TASK BRIEF — Take from the entries below the stretch from the line with "Причины, которые могут" through the line with "Unusual Ulcerated Polyp In The Duodenum", and return it exactly, leaving the pictures out.

[Opening DATA TO USE section]

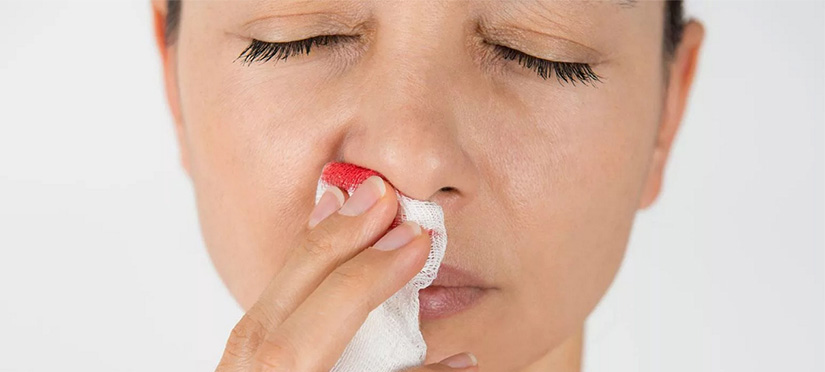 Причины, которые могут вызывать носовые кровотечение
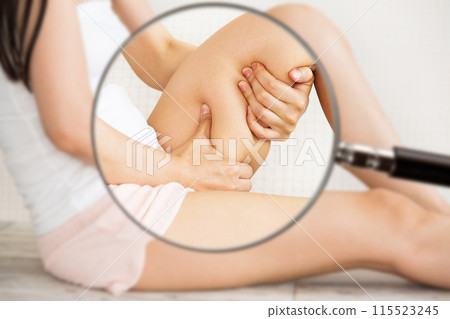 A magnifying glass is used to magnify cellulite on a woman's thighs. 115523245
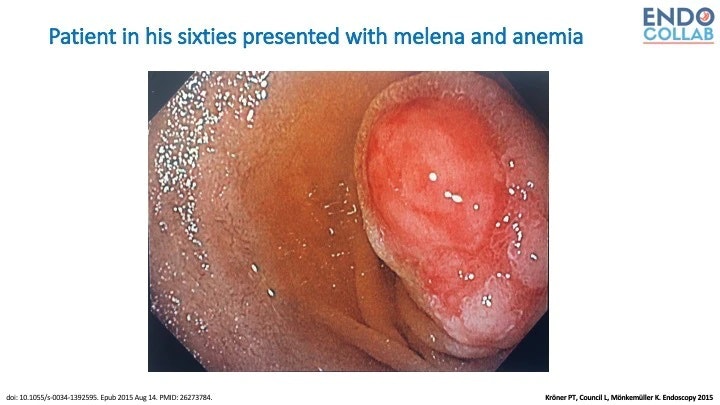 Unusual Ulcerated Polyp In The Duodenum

[Closing DATA TO USE section]
[Opening DATA TO USE section]

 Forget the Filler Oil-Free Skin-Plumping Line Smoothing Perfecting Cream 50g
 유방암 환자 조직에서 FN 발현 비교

[Closing DATA TO USE section]

RESULT —
 Причины, которые могут вызывать носовые кровотечение
 A magnifying glass is used to magnify cellulite on a woman's thighs. 115523245
 Unusual Ulcerated Polyp In The Duodenum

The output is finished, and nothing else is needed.